What the free marketeers constantly decide wrongly on is an index on the number of regulations to decide whether a country has "good" or "bad" economic policies. Regulations aren't inherently good or bad, in my opinion. They are what they are, and there are good ones and bad ones. Regulating natural monopolies, like, for example, utility companies, on prices and quality is a necessity, because, otherwise, they'll game the market and rape consumers.
However, regulating how many cars Toyota can ship to the American market is, in my opinion, incredibly stupid, because it artificially increases the price of a Camry and allows shitty companies like GM -- which can't innovate and is going to royally screw its employees -- to remain alive while punishing Toyota for being a better company with better products. Conservatives want live babies so they can raise them to be dead soldiers. - George Carlin
I often feel that the neo-lib hallucinations in economics are rooted in an attempt to make conclusions from numbers alone.
(Now who can be the mystery user who was Number 5 signing on to ET? Numéro, hey? French?)
I fully agree on these indices, which OECD go in for a great deal. They're mostly aimed at handing out lessons in an oversimplified way. It's just funny when one of them turns against its master, that's all.

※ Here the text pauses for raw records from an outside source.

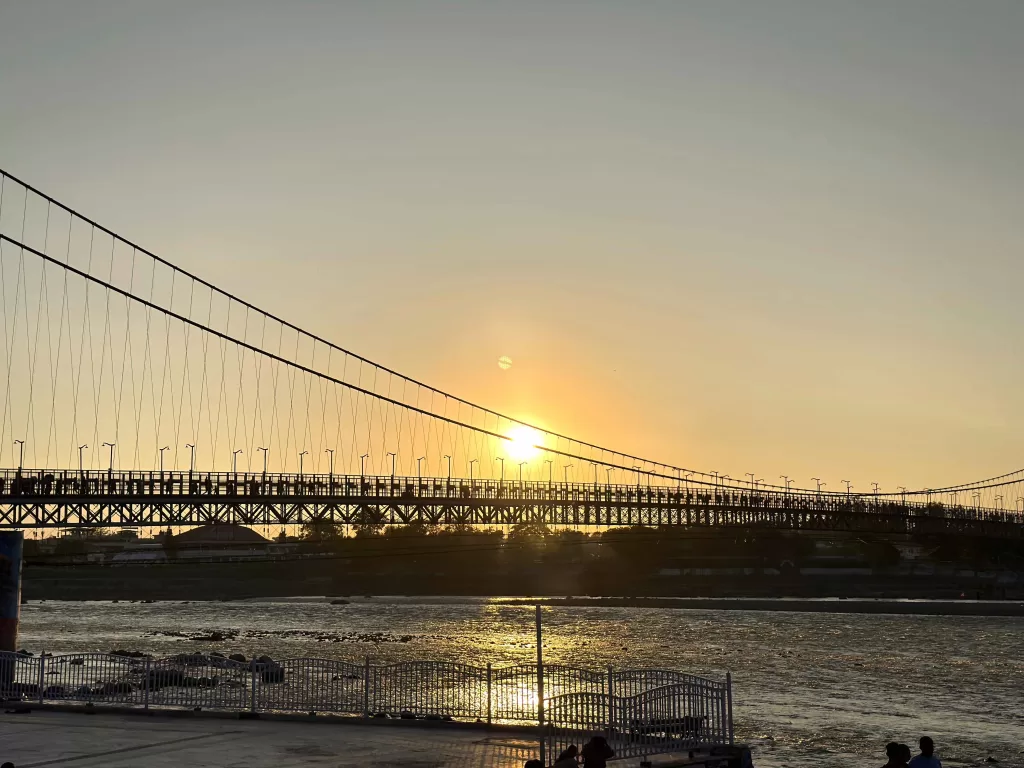 A bridge over water with a sunset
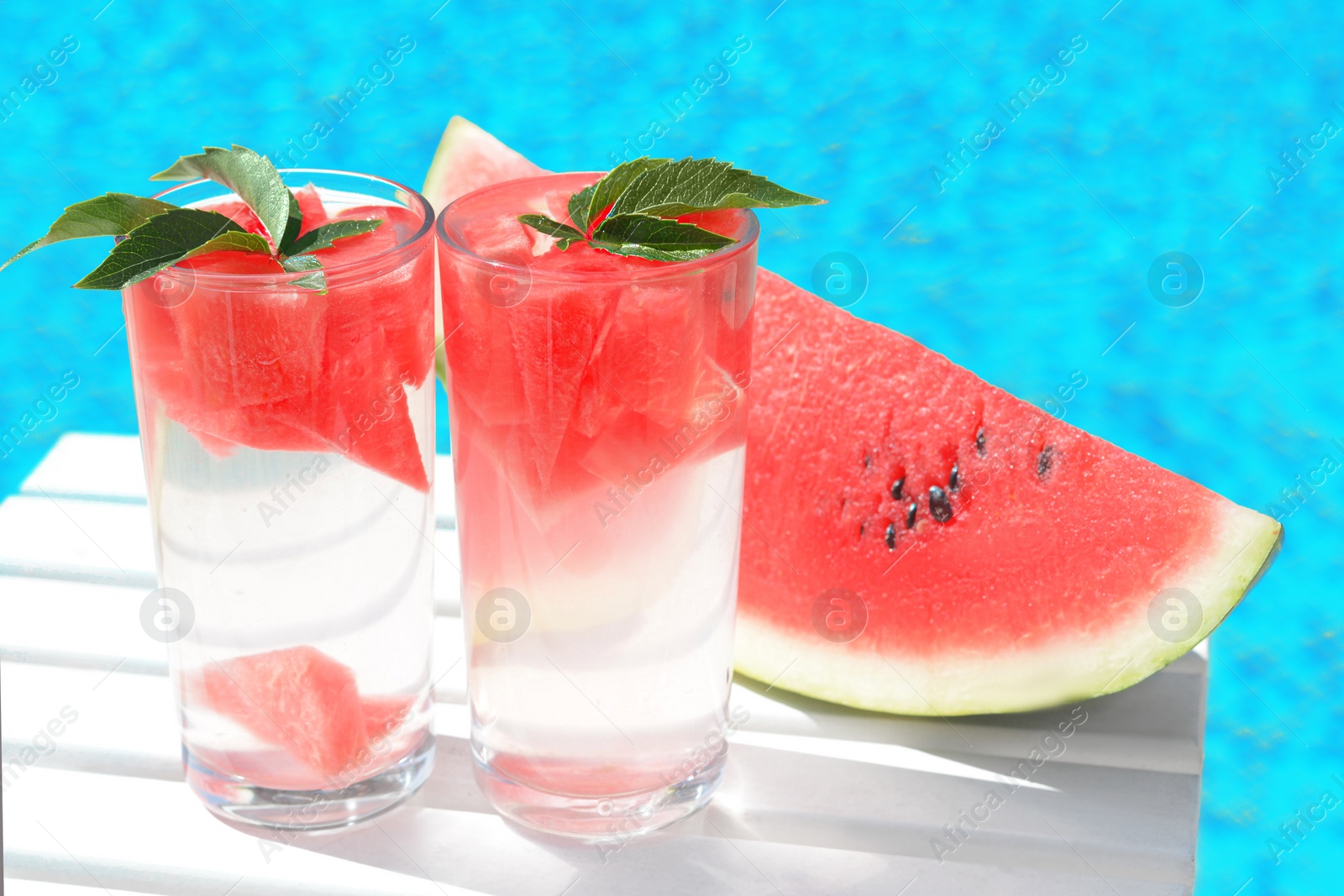 Photo of Refreshing drink in glasses and sliced watermelon near swimming pool outdoors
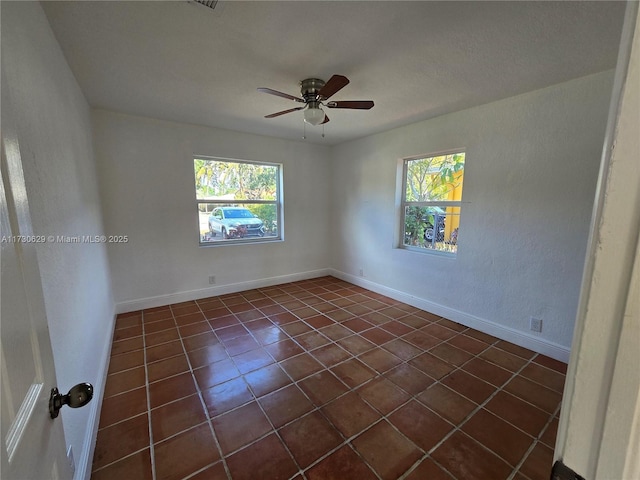 tiled empty room featuring plenty of natural light and ceiling fan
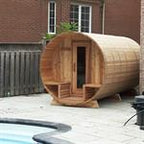 Handcrafted cedar barrel sauna designed for backyard wellness retreat.
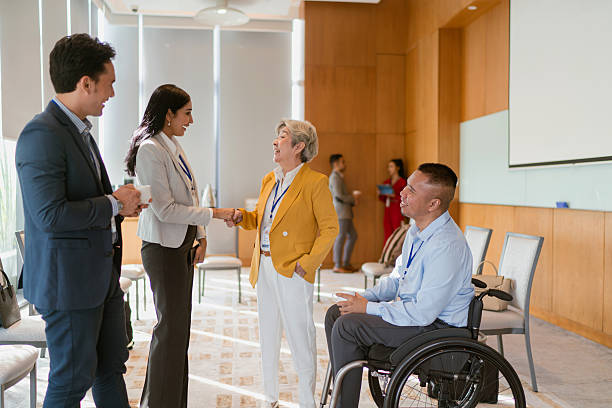 istock Businessman with disability networks with peers during a conference break 2227665034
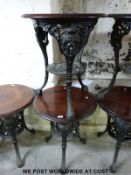 Two mahogany and cast iron pub tables (H70cm,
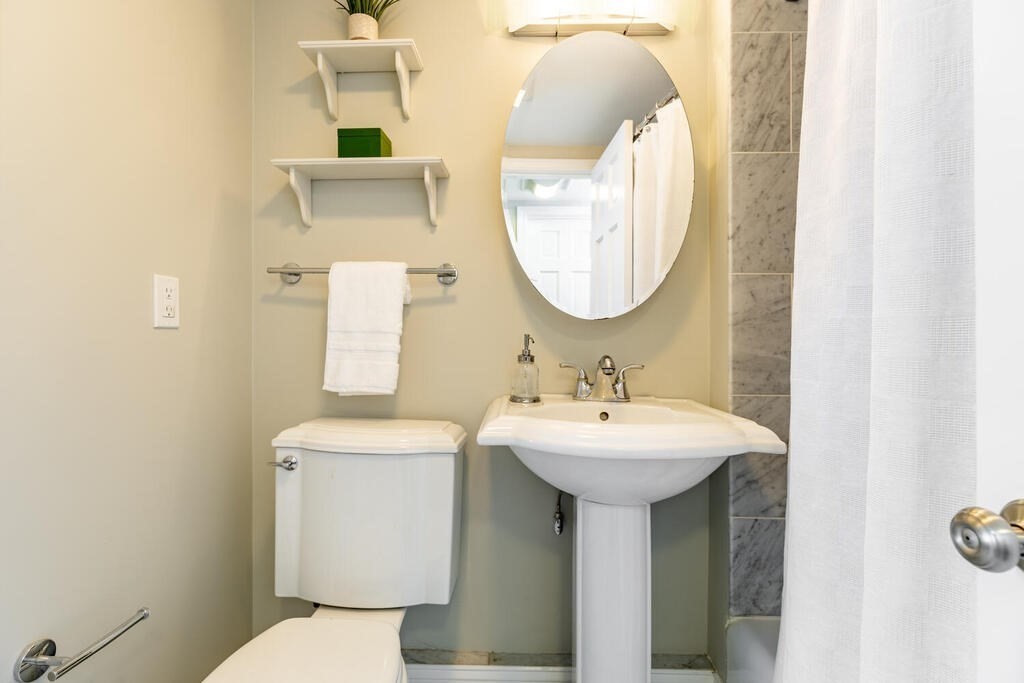 345 Harvard Street, Unit 3C Cambridge, MA 02138 - Photo 13 of 21 a bathroom with a toilet sink and mirror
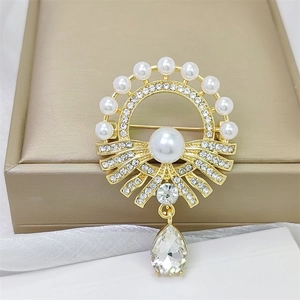 Elegant vintage pearl brooch with teardrop crystal pendant on gold metal base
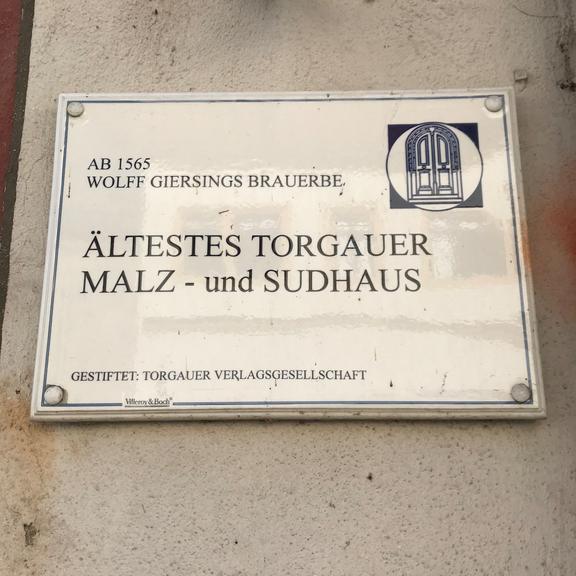 Schild mit der Aufschrift 'Ab 1565 Wolff Giersings Brauerbe Ältestes Torgauer Malz- und Sudhaus' an einer Wand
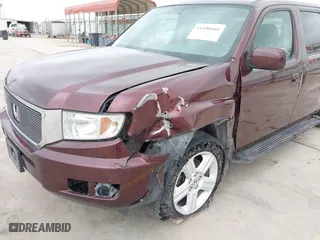 2014 Honda Ridgeline RTL with VIN 5FPYK1F52EB010700, listed as a IAAI auction lot 41490401 with 180,947 mi miles. Bid and sale history available at carsss.com. Image 6.
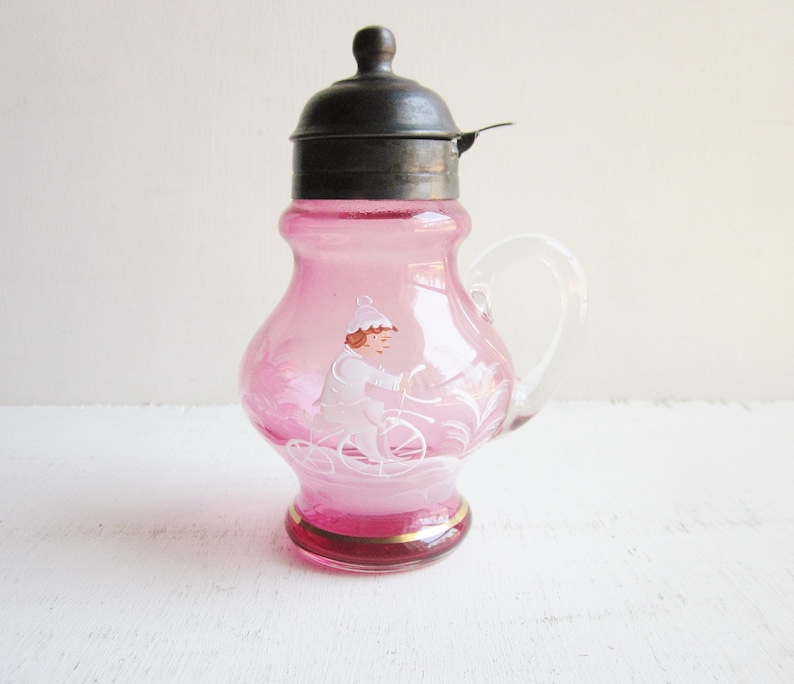 May include: A pink glass creamer with a silver lid and a painted design of a person riding a bicycle. The creamer has a gold trim around the base.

As for quotas, your Toyota/GM example is, not exactly extreme, but a fairly obvious one. Ideally, quotas should give the home industry breathing-space to adapt and become competitive with the imports. I think that has happened to some extent in Europe (though there's a way to go yet for Renault and Peugeot, for example, compared to Toyota and Honda). I don't support the British (Thatcherian) choice of abandoning the national industry to its sort (with the result that there's nothing left of it). And I'm not sure the sogginess and lack of fight of GM and Ford can entirely be ascribed to shielding by import quotas.